>>

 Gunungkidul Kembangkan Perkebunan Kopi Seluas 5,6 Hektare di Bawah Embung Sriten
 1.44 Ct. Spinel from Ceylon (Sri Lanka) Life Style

<<
>>

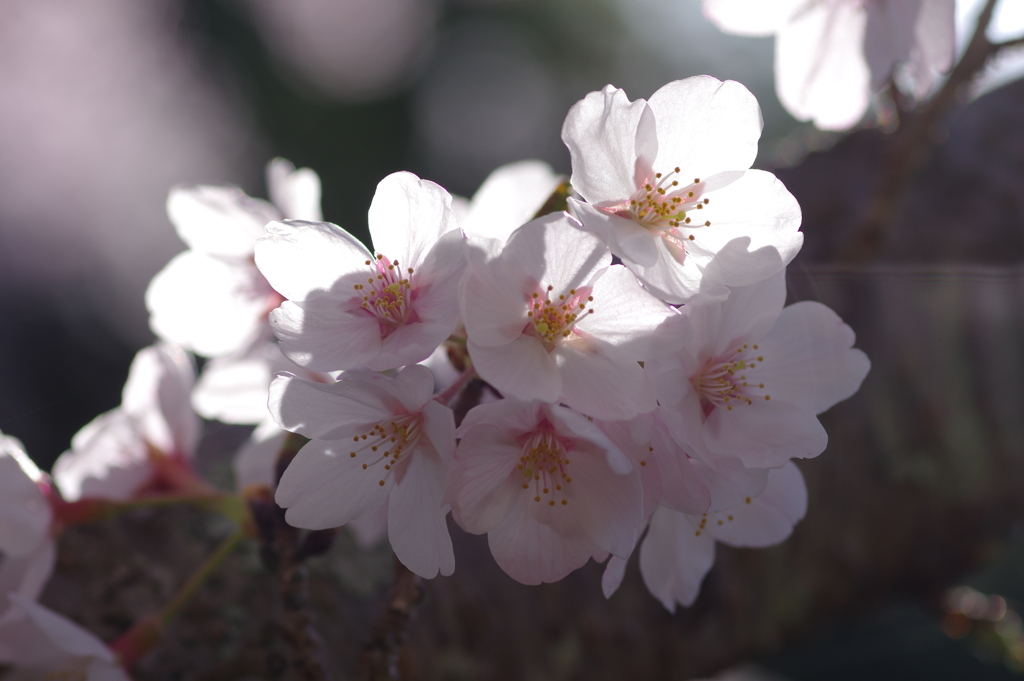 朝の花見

<<

WORK REQUIRED: An exact copy of the lines above between the line holding "Gunungkidul Kembangkan Perkebunan" and the line holding "1.44 Ct. Spinel", inclusive, is the whole answer.

EXERCISE ANSWER:
 Gunungkidul Kembangkan Perkebunan Kopi Seluas 5,6 Hektare di Bawah Embung Sriten
 1.44 Ct. Spinel from Ceylon (Sri Lanka) Life Style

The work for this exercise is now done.